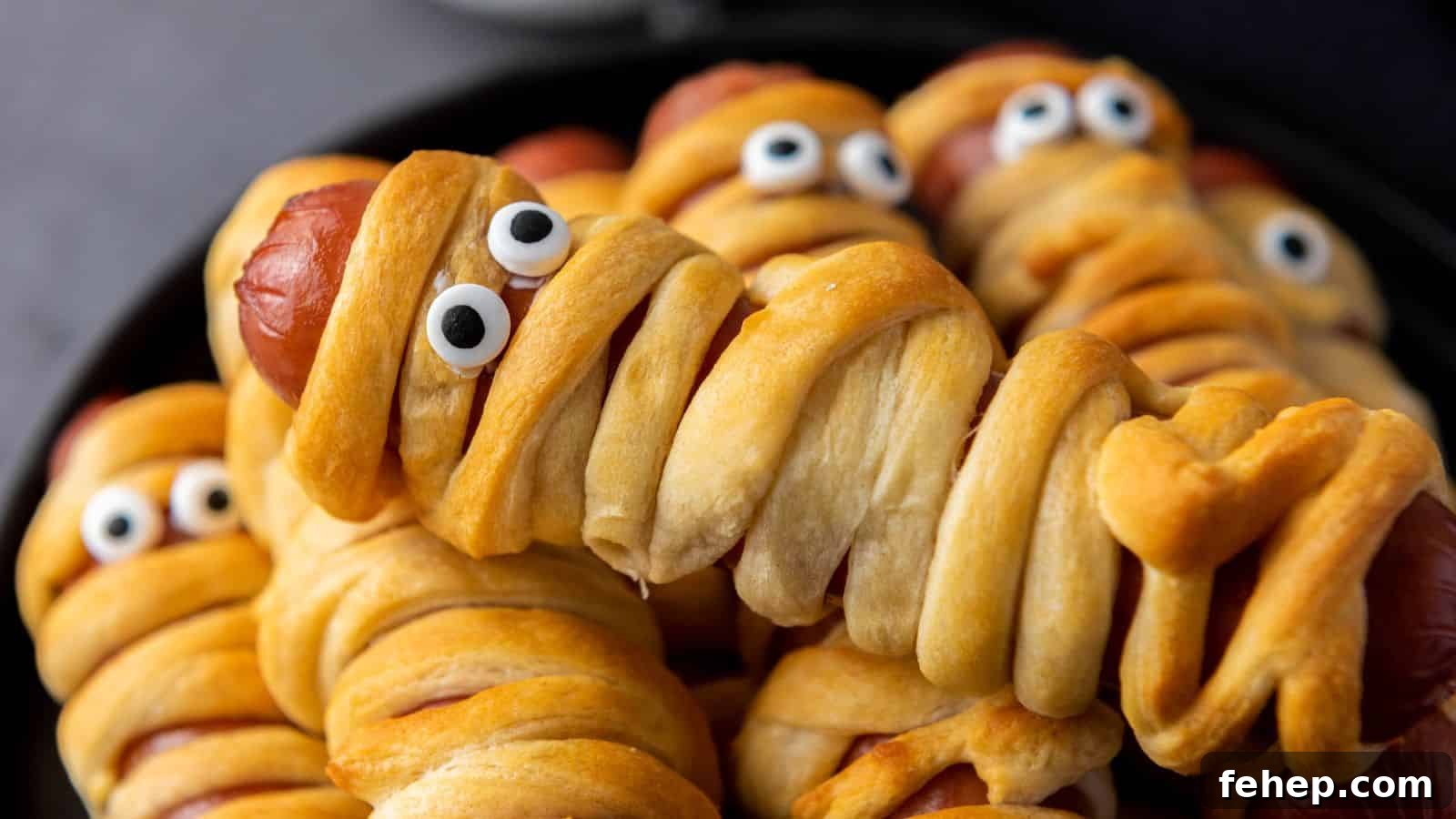 11 Spooky Halloween Treats to Liven Up Any October Night 6 Hot dogs wrapped in dough to resemble mummies, complete with candy eyes, arranged on a black plate.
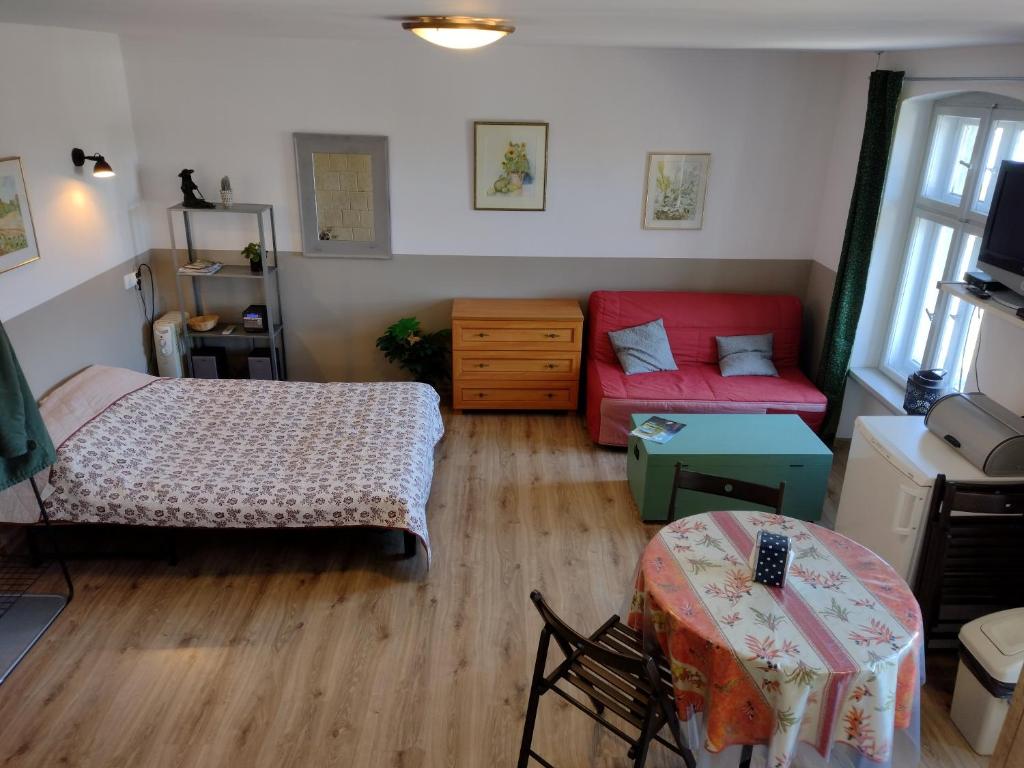 1 dormitorio con 2 camas y sofá rojo en Sudety hut, en Podgórzyn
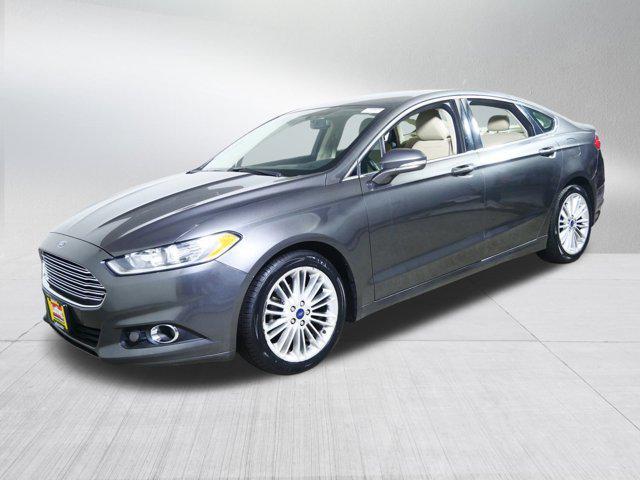 used 2016 Ford Fusion car, priced at $7,498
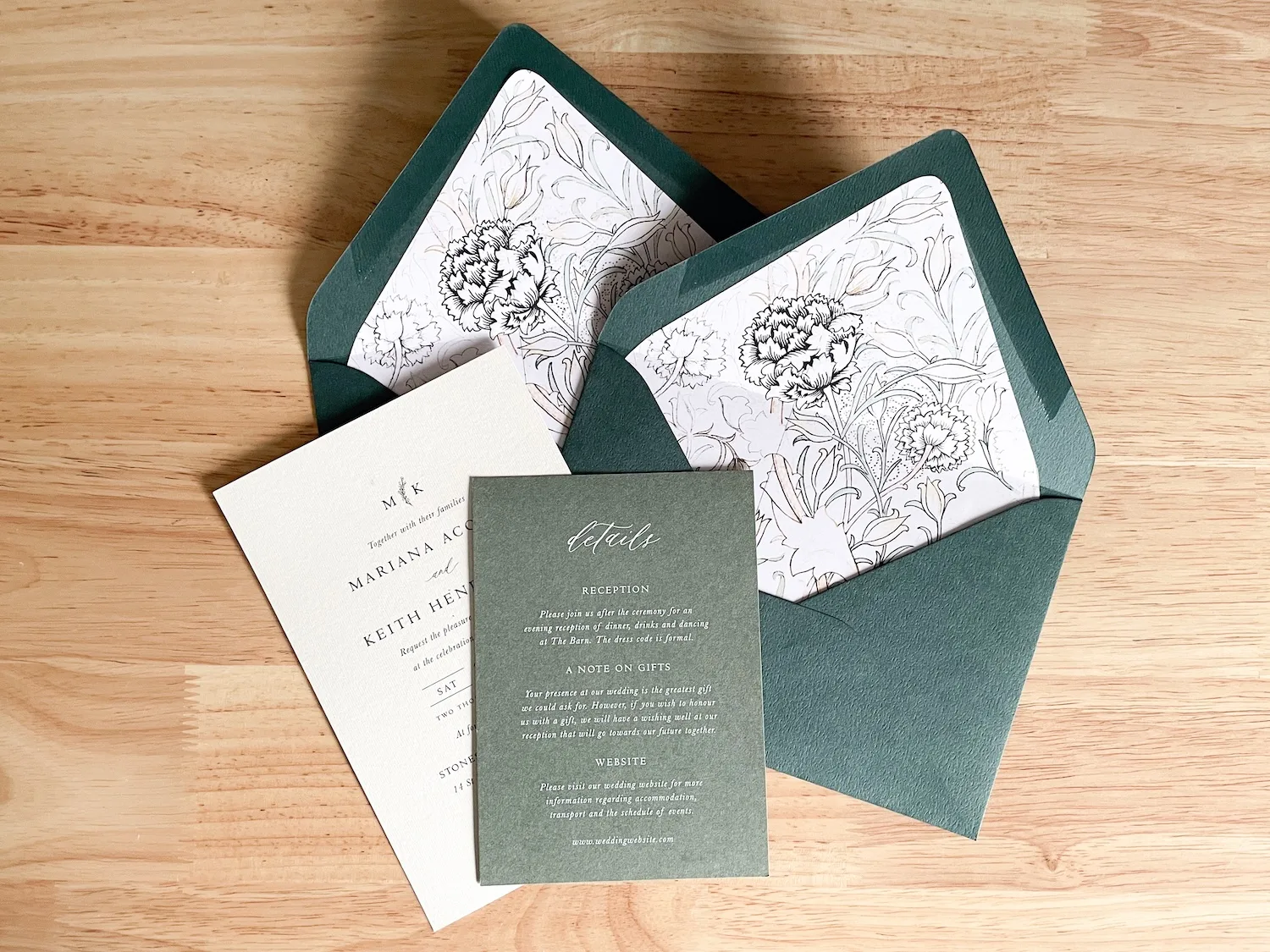 Wild Tulip envelope liners in green envelopes styled with wedding invitation suite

> [EXERCISE DESCRIPTION]: Except for the pictures, copy the material above exactly.

> [RESULT FOR THIS EXERCISE]:
 11 Spooky Halloween Treats to Liven Up Any October Night 6 Hot dogs wrapped in dough to resemble mummies, complete with candy eyes, arranged on a black plate.
 1 dormitorio con 2 camas y sofá rojo en Sudety hut, en Podgórzyn
 used 2016 Ford Fusion car, priced at $7,498
 Wild Tulip envelope liners in green envelopes styled with wedding invitation suite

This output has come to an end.